In fact, screen time has created a mental-health crisis among adolescents, according to Jean Twenge, professor of psychology at San Diego State University. “The more time teens spend looking at screens, the more likely they are to report symptoms of depression.”
“There’s not a single exception. All screen activities are linked to less happiness, and all nonscreen activities are linked to more happiness.” — Jean Twenge, The Atlantic
The very “social” tools that are supposed to bring us closer are tearing us apart — not just between imagined tribes, but at our very insides.
Solution: Rebel, Resist, Get the Eff Outside
Five days ago, I stopped my car as two does crossed the road. I looked at my bag on the passenger seat, fleetingly, as in “where’s my phone?” and then looked up as several others followed. I kept my hands on the wheel and paused to take in this experience. Slowly I rolled on to the next stop sign. Eight more emerged from a corner yard, looking at me for reassurance. I stopped again to watch their graceful crossing.
Our brains and bodies work as a team. Mine haven’t been so successful lately. Anxious thoughts and existential gloom have been doing their bugle call around 2–4 am for the last few weeks.

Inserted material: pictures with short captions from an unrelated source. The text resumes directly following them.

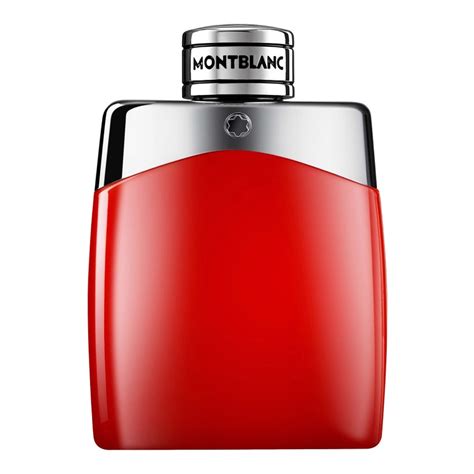 Buy Montblanc Legend Red Eau De Parfum 100ml Fragrance House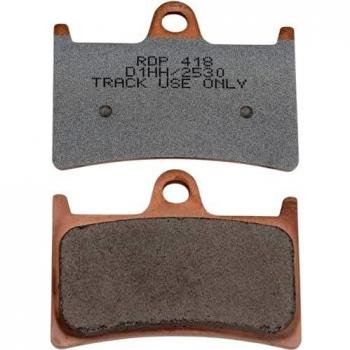 Brake Pads/Pastillas de freno DPBrake RDP418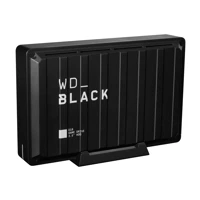 D10 Game Drive WDBA3P0080HBK - Festplatte - 8 TB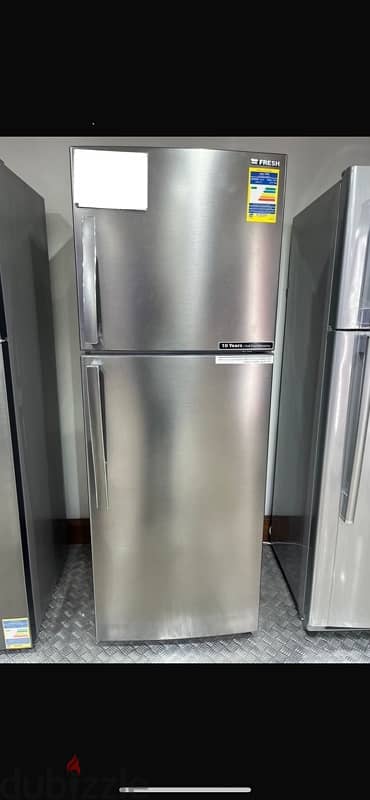 New- Fresh Refrigerator 1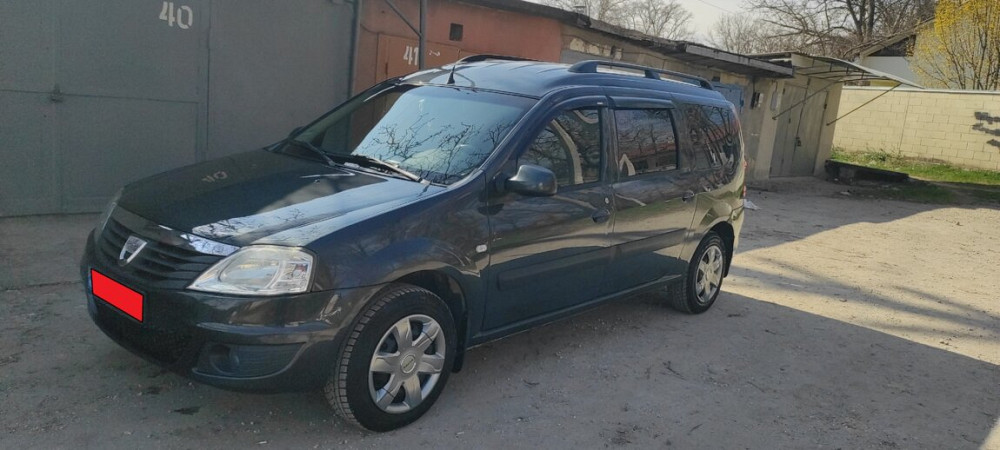 Dacia Logan 2009 год Бельцы Bălţi - fotografie 3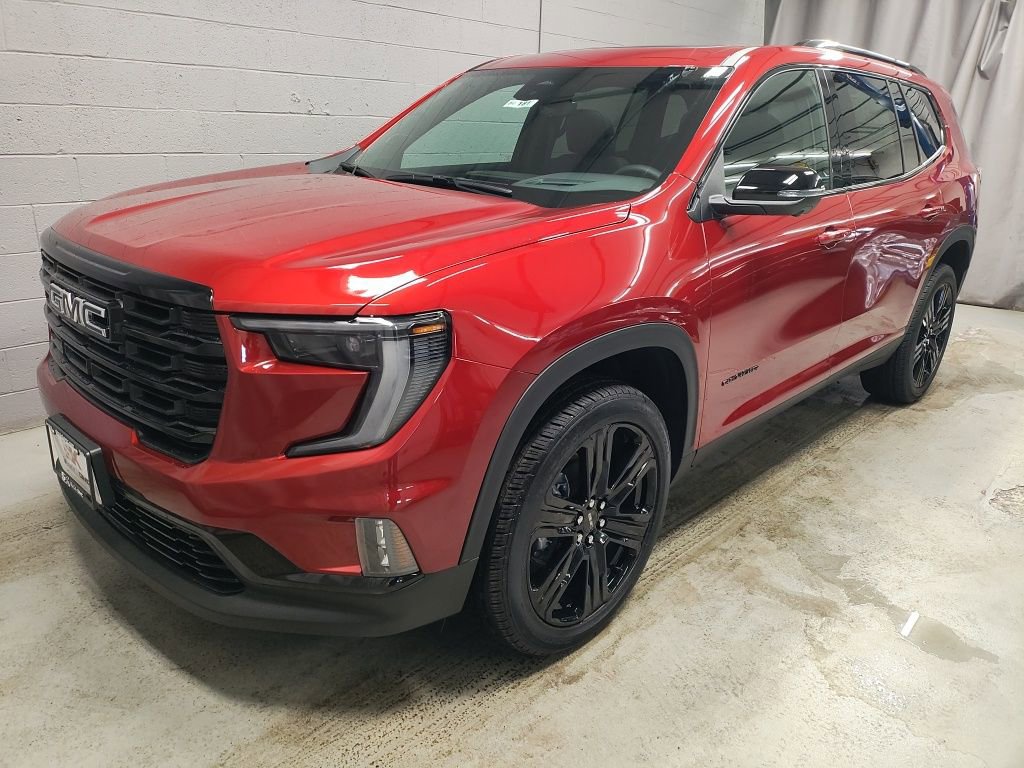 New 2026 GMC Acadia Elevation w/ Black Edition image 19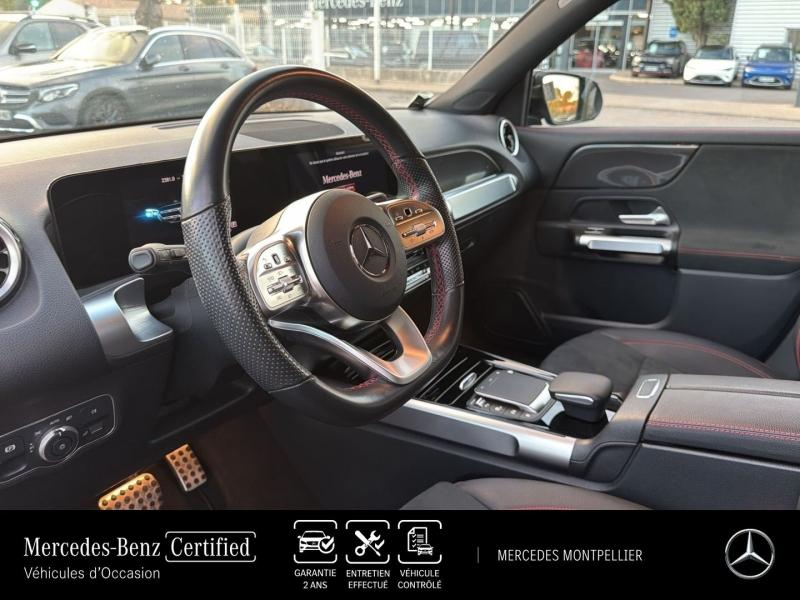 Photo 10 de l’annonce de MERCEDES-BENZ GLB d’occasion à vendre à MONTPELLIER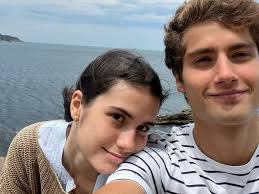 Así es Inés, la desconocida novia de Quique Sánchez-Flores jr que ha sido  la mejor vestida en la boda de su cuñada Paty Sánchez-Flores: descubrimos a  la discreta pareja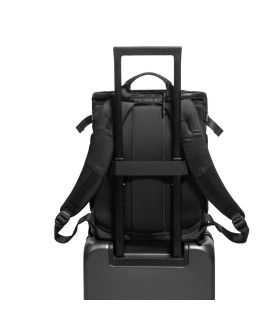 Navigator-T69 Travel Backpack 23-28L, Black
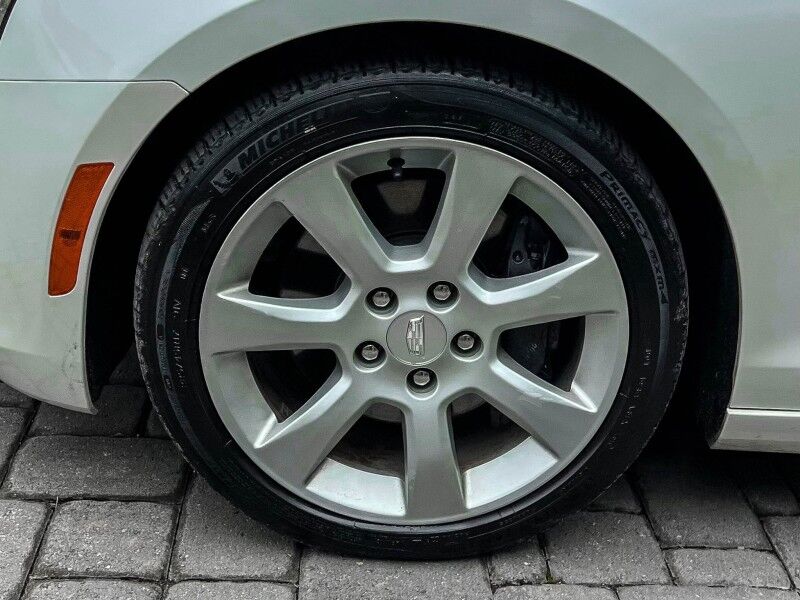 2015 Cadillac ATS Sedan Standard RWD Wilmington NC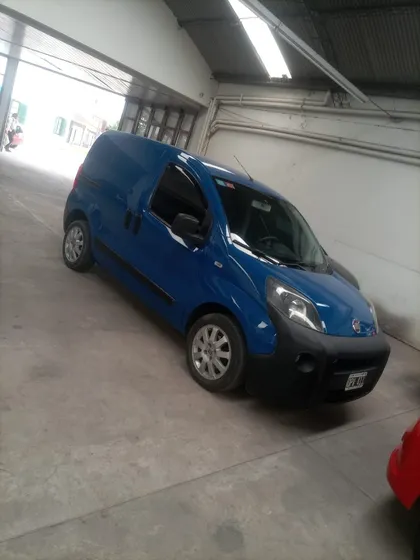 Fiat Qubo 1.4 Dynamic 73cv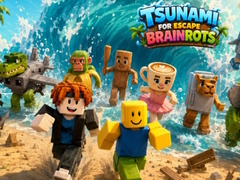Oyun Tsunami For Escape Brainrots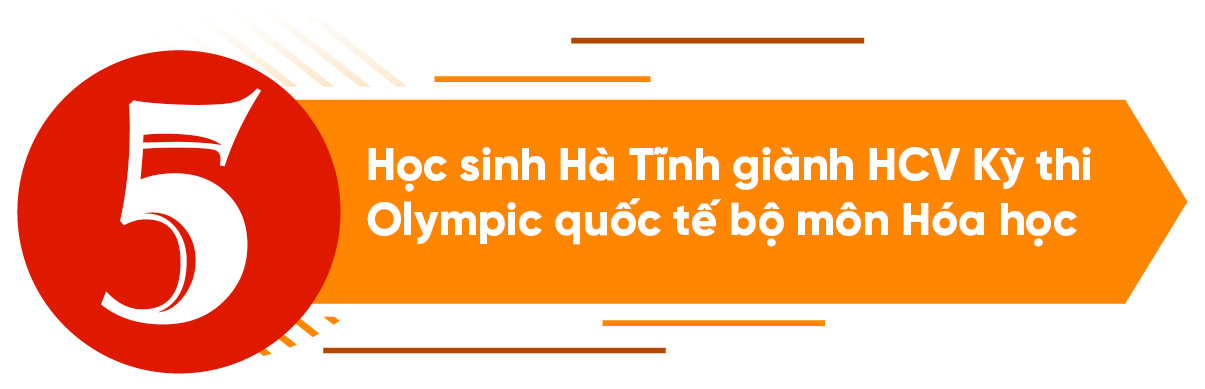Hà Tĩnh - 10 sự kiện nổi bật năm 2022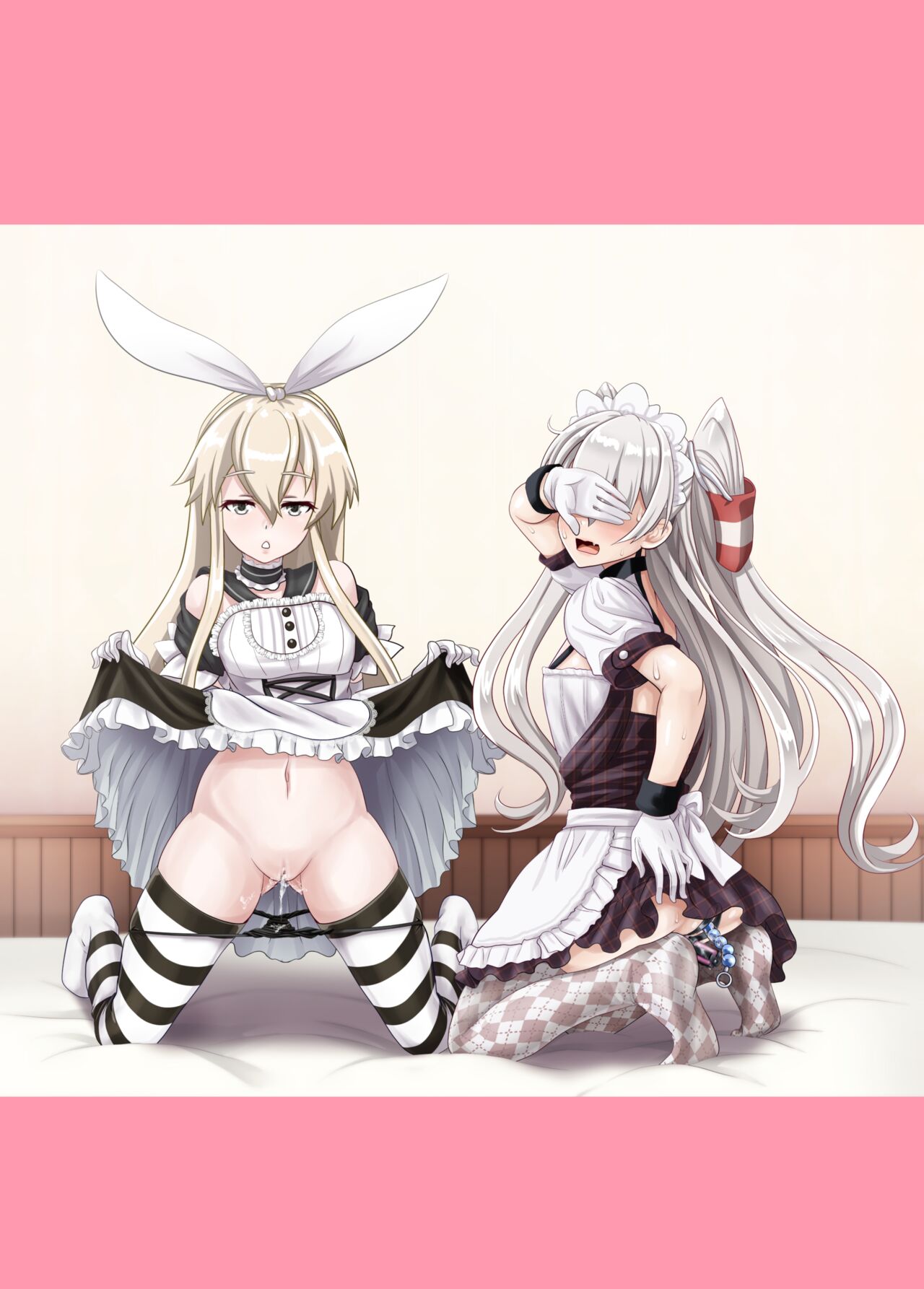 Maiden Fleet Girls - MaidColle page 4 full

I’m not just awake. I cannot shake the bodily sensation that I’ve forgotten to do something. That something needs my attention. Immediately.
Just as excessive screen use correlates to poor health outcomes, so does a lack of time spent in nature.
Being outside is linked to improved blood pressure, obesity, other chronic health conditions. The great outdoors can also lower stress, and increase positive emotions, attention, and cognitive functioning.
Here is a new code of conduct I wrote to keep myself accountable:
- Schedule at least one (30 min) walk per day around my neighborhood or a green space. Lock my phone in the car or turn it off while I walk.
- Commit to 15–30 minutes for stretching or join a yoga class — every other day.
- No meals with electronic devices (no headphones or buds, either).
- Time box use of all devices. Cut them off two hours before bedtime.
This will be hard. Today is Day 1. I don’t want to return to the first half of my life. I just need to get back to my own nature.